I can get an instant visual of who did not complete their jotting. I can quickly read over their jots to see who needs to conference with me. I will conference with students who used the targeted strategy incorrectly.

Saturday, August 30, 2014

I Got a Pocket, Got a Pocket Full of Sunshine

I am weird...I adore a great pocket chart! I love bright colors, various sizes, interesting shapes, and different pocket dimensions. When I started teaching 19 years ago there was 1 type of pocket chart--blue and large. Now I have one that is apple shaped, some that are simply 1 pocket, a long one that can hold books, and I even have some I made myself out of file folders folded in half.
Pocket charts are my go-to organizational tool because they are simple to use and you can easily change the information on display.  We have completed one week of school and here are the tools that adorn my classroom walls:
Every student in my class has a job. We are a community and every student is expected to participate. Students chose their jobs and this charts reminds them what roles they have. It is also useful when a substitute is in the room. If students want to switch jobs, I can easily change the cards.

This pocket chart has little individual compartments so it is perfect to post how students go home each day.  This one is displayed by the exit. I use this chart every single day!

This is my Wish List of items that could help enhance our classroom activities and atmosphere. Guests to my room can take a card and then return with the item. I have checked off the items that people (including my own mom) have donated.  Thank you so much to everyone who has made a donation already!

This display reminds students of their Writing Partners. It keeps me organized, lets administrators see how my students are paired, and allows guest teachers to have a way of knowing which students can work together well. In a week or so (after we determine reading levels) I will fill in the Reading Partnerships pocket charts.
This is our Book Shopping schedule for the classroom library. I like to use colorful paint sample cards to differentiate between my Block I and Block II students. Students can reference this chart to know when it is their day to choose new books for their Reading Baggies.
I will end this post with a tip--Dollar Tree and Target have terrific $1 pocket charts throughout the year!  Just keep your eyes open!

Tuesday, August 26, 2014

Honey, We Think Reading is Wonderful!

I teach 2 blocks of 4th grade Balanced Literacy. My students are at- or above-grade level. We use the Lucy Calkins units of study.  Our first unit is Building a Reading Life.For Lesson 1, I chose to use the book The Bee Tree by Patricia Polacco. During this lesson, students reflect on what makes reading wonderful for them. They think back over their lives as readers and identify pitfalls and peaks. In this book a young girl would rather be outside running than sitting inside reading. So her grandfather takes her on a journey to find a tree where bees make honey. Several people join their adventure along the way. Students learn that reading is as sweet as honey, but it takes hard work, support from other people, and some stickiness to become a successful reader.

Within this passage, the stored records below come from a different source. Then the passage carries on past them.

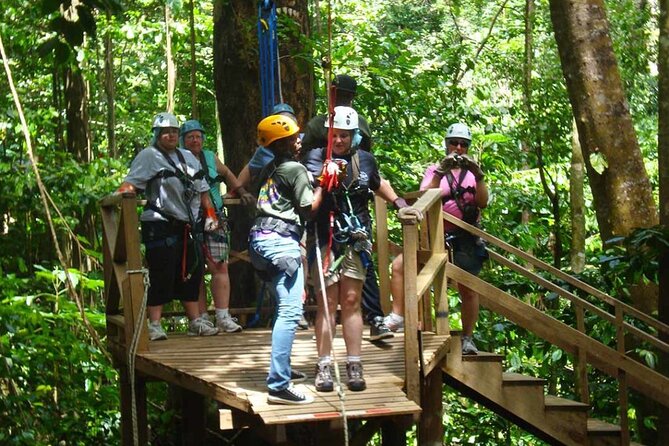 Rainforest Rush: St. Lucia Zip Line Adventure - Safety training before the first line
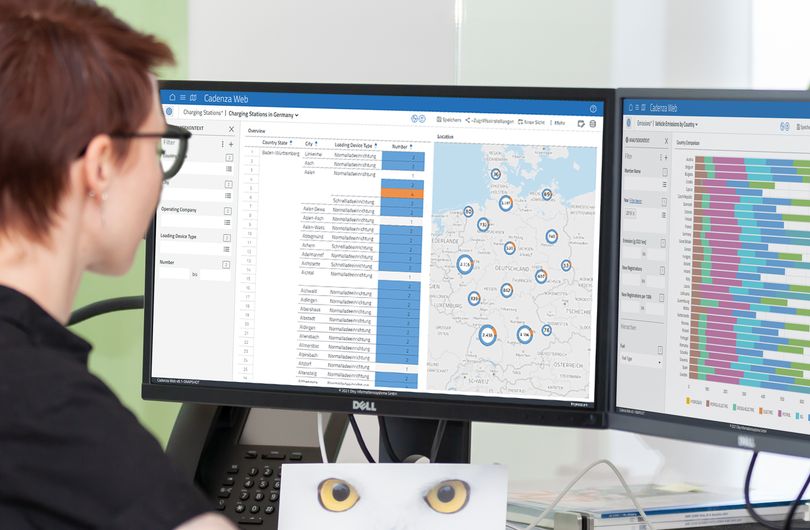 Informationen effizient mit disy Cadenza als Reporting-Software bereitstellen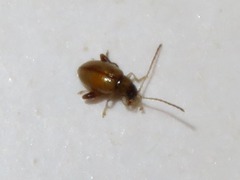Longitarsus pellucidus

At the end of the book, grandfather puts a drop of honey on the girl's book to remind her that reading is sweet. Right before I got to that part, I put a drop of honey on each child's finger. I told them not to do anything right away...I told them they would feel what to do when the time is right. They all started licking their honey as I read grandfather's words to the girl...perfection! The smiles and head nods told me they understood! For my Teach Like a Pirate colleagues, this Chef Hook was certainly a hit.  I hope these students will always remember that reading is sweet.

During Independent Work Time, students made jottings about a time in their lives when they discovered that reading was sweet and wonderful. I keep the blocks' sticky notes different colors so they each have their own identity.